_Problem to work on_
Everything below from the line with "围巾 新一季《亲爱的客栈》刘涛衣品开挂，职场女精英就该这么穿" through the line with "Duas mulheres, de" should be copied exactly, and nothing else; leave out the pictures.

_Available records_
-*-*-

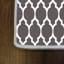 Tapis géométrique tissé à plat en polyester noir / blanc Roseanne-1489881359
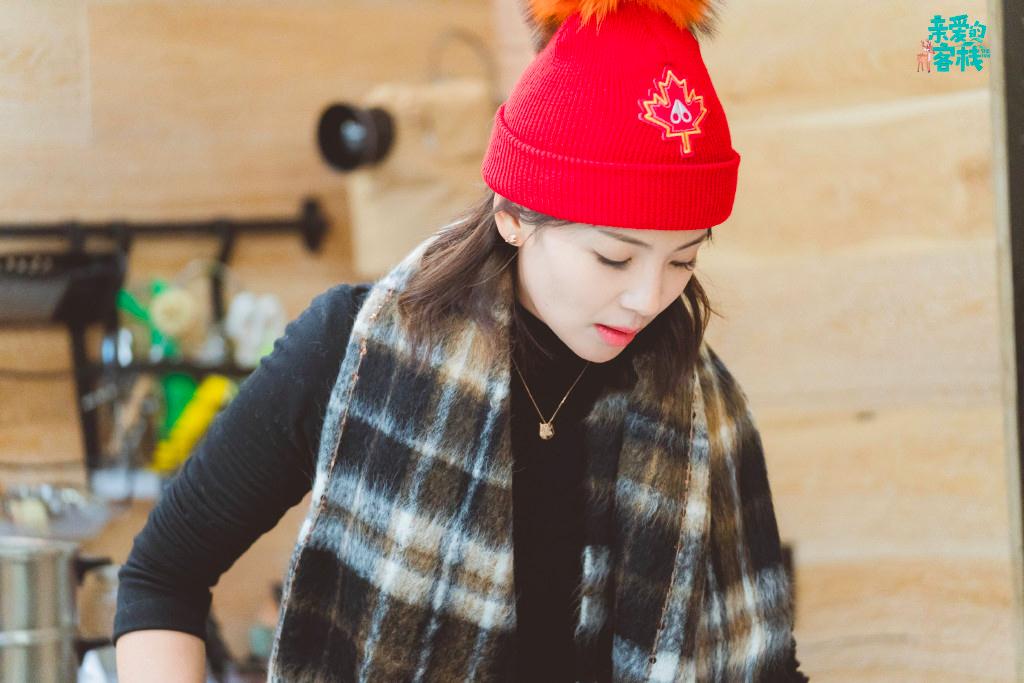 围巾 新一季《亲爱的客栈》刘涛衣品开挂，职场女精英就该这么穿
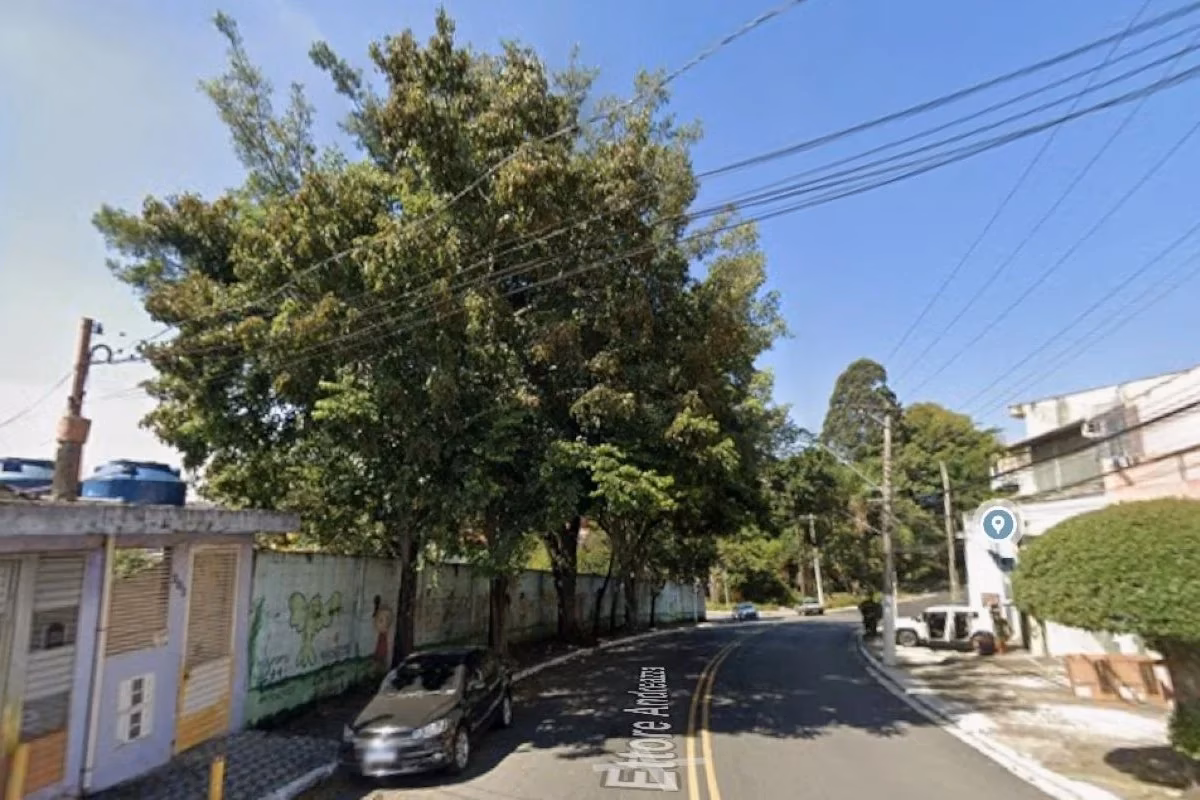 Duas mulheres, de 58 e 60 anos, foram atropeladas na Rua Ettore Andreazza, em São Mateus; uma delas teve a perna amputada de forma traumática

-*-*-

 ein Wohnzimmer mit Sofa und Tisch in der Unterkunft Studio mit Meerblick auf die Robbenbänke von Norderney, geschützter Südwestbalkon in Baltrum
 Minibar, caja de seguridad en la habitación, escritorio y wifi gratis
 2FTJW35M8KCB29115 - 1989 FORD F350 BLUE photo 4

-*-*-

_Answer_
 围巾 新一季《亲爱的客栈》刘涛衣品开挂，职场女精英就该这么穿
 Duas mulheres, de 58 e 60 anos, foram atropeladas na Rua Ettore Andreazza, em São Mateus; uma delas teve a perna amputada de forma traumática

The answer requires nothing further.